One of the most dismal but revealing
features of Finn’s book is his documentation
of the trendy “Progressive” neophilia that has
increasingly dominated our teachers’ colleges
and schools of education since the 1920s.
“Progressivism” won the day at Columbia
Teachers’ College by the 1920s, drowning
out and marginalizing judicious moderates
such as William C. Bagley and Isaac Kandel,
while more recently both relativizing “values
clarification” education (Lawrence Kohlberg)
and the seductive, flattering theory of “multiple
intelligences” (Howard Gardner) have
come to us courtesy of the Harvard Graduate
School of Education.
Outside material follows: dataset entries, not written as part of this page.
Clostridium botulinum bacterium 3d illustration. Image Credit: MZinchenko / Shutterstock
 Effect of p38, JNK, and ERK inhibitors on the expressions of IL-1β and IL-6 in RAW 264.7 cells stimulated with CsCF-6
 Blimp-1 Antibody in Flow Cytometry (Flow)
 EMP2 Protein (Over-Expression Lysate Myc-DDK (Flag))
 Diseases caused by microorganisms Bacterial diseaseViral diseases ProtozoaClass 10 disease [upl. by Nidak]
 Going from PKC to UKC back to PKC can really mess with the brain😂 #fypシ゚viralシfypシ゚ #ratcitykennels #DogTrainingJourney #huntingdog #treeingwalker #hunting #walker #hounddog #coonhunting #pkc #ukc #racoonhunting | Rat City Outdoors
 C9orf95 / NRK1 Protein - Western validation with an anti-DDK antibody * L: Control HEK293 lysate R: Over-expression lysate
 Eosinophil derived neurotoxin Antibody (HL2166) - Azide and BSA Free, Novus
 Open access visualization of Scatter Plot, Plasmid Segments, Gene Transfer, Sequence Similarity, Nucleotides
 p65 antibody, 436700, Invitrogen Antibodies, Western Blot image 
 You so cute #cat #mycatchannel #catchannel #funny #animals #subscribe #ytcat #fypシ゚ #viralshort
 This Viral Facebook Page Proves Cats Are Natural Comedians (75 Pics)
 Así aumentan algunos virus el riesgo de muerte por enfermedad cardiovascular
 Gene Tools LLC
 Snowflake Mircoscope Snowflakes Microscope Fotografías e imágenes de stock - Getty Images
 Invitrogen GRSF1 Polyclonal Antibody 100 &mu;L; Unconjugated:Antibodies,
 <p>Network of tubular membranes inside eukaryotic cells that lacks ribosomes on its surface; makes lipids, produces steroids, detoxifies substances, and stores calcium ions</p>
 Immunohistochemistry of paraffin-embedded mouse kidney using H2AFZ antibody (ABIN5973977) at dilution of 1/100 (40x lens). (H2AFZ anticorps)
In the university at
large, left-Nietzschean, postmodern skepticism
about reason and virtue is an ideal
stimulant to increasing vice, foolishness, cynicism,
and irrationality. (A prominent ed school
professor in the Midwest has deplored the
distinguished literary theorist, literary historian,
and educational reformer E.D. Hirsch’s
“privileging” of the denotative dimension of
language itself as authoritarian!) Former Boston
University President John Silber’s commitment
two decades ago of Boston University
to run the poor, dysfunctional schools of
the nearby, bankrupt, immigrant entry-point
city of Chelsea, Massachusetts, has been a
noble, sustained initiative that no other teachers’
college or school of education (or university)
has chosen to imitate and for which his
(private) university has gotten little credit,
even in its local newspaper, the Boston Globe.
Though some progress has been made
under President Bush’s NCLB at the elementary
level, the bipartisan consensus that created
it is gone, and the future of K-12 educational
reform probably lies again with the
states and with courageous, grass-roots initiatives
such as Hirsch’s Core Knowledge curriculum.
For a republic traditionally aspiring to personal
liberty and equality of access to public
goods worth having—of which decent schooling
at public expense is among the most
important—Chester Finn’s book is an indispensable
guide and an inspiring portrait of
what individuals and groups with common
sense, civic commitment, and perseverance
can accomplish in realizing the battered but
noble promise of modern education—but also
a sobering picture of what they are up against.